Crawling inside the dog's heart and head for a moment, upon understanding that this was performance — and that comprehension was clear from the dog's temperament — the animal observed the “conflict” for a while before entering what looked from the outside like a blissful slumber.
The dog was neither fooled nor particularly interested in the pretend drama — which renders the sacred qualities we attribute to “suspension of disbelief” perhaps a little high-minded.
Then again, if the actors had been canines, it might have been a very different picture.
DOGS AND CRITICS: Part 2
In the flyer to the left, note the facetious pull-quote: “It's one of the damndest things I ever did saw” — attributed to “Some Old Guy”
Earlier this week, one of the Weekly's critics, who is actually some young guy, saw in the program of a show he was reviewing a pull-quote from a show he'd reviewed a couple of years earlier, attributed to him — sparkling adjectives that he didn't recall having written. He was not amused. He looked up his old review and confirmed that the theater had actually fabricated a glowing notice under his name.

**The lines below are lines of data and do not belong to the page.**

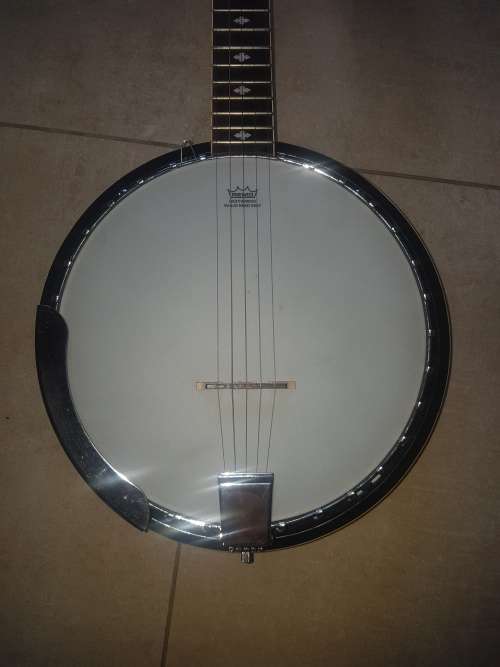 Stagg Bluegrass 5 string Banjo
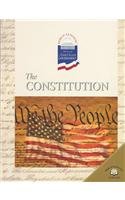 Stock image for The Constitution (World Almanac Library of American Government) for sale by Bookmans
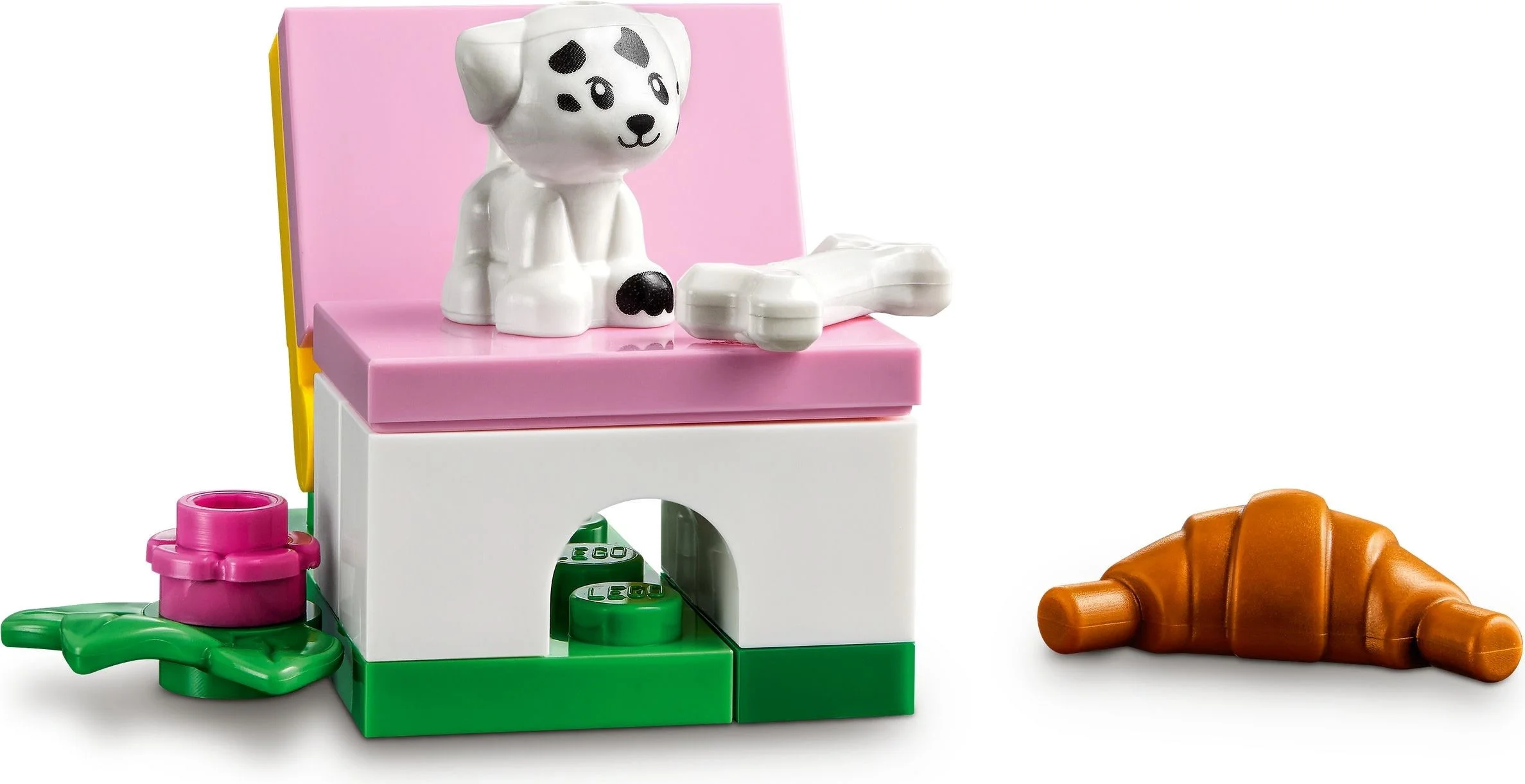 LEGO® 41443 Samochód elektryczny Olivii - zdjęcie 9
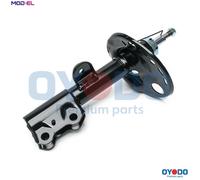 SHOCK ABSORBER 20A2042-OYO FOR TOYOTA RAV/IV/III 3ZR-FAE/FE 2.0L 2AD-FTV 2.2L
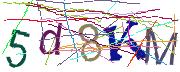 Imatge CAPTCHA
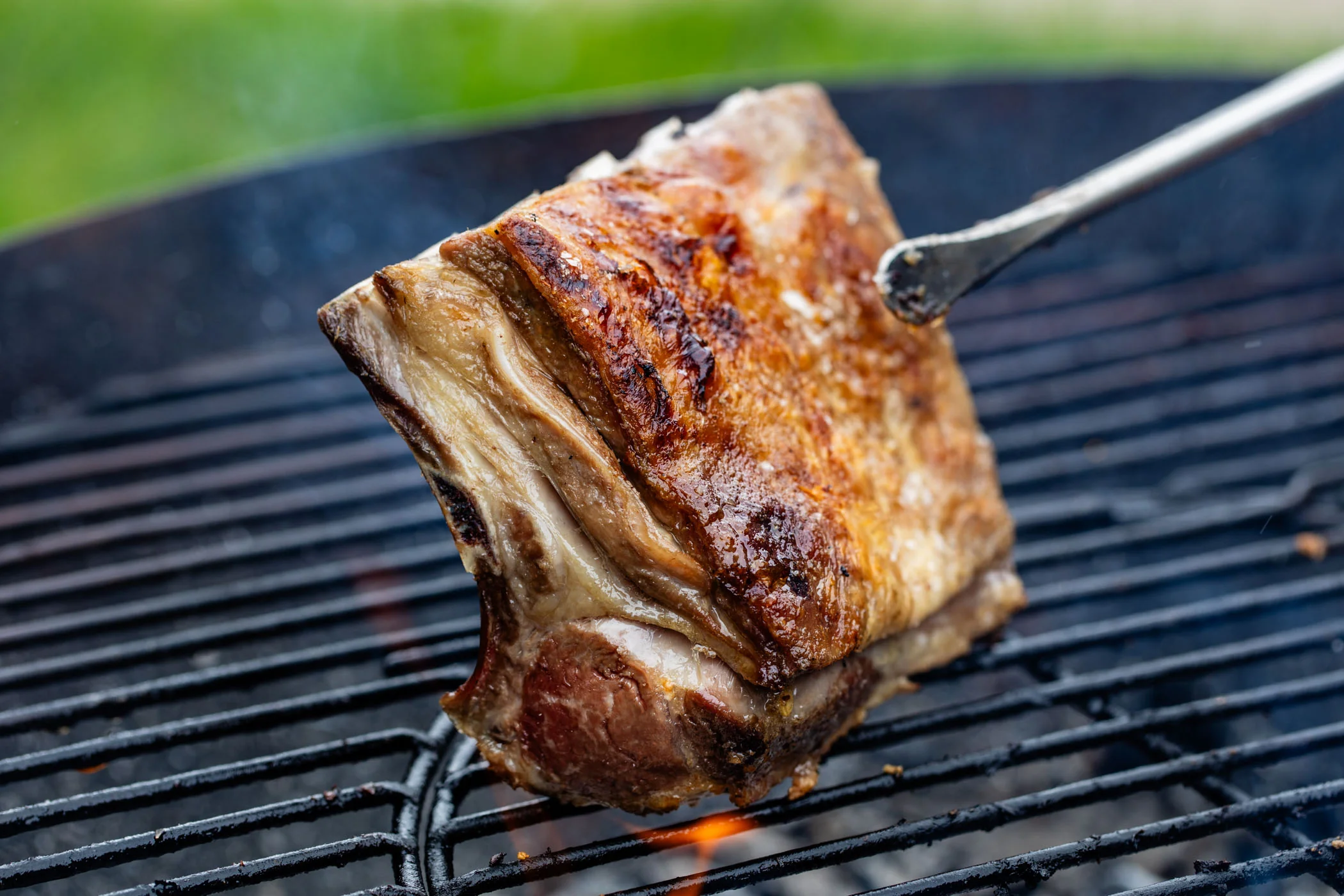 Rack of Hogget - Image 3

I intervened via a phone call on his behalf and received apologies that somebody from the theater compiled pull-quotes from reviews by conflating a number of sources, and had made an error.
It's one thing to remove reviews from their context. After my very annoyed review of Pippin at the Taper, I used the words “damnably compelling” to described the fine stagecraft as being in support of a vision that was out of touch with the most pressing concerns of our times. Later that week, I discovered that CTG's marketing department had used under my name “Damnably compelling” in a series of rave pullquotes. The words, however, were mine.
It's quite another thing for critics to discover words they did not use under their name. All we have is our name, says John Procter in The Crucible, when told that the confession he must sign in order to save his life will be posted all over the village. On learning this, he rips up his own confession, preferring to face the gallows that be condemned by words he knows aren't true. Private words are have their own code of integrity, but public words are locked in cement. The stakes are way higher for John Procter than for any theater critic, but the principle is more or less the same.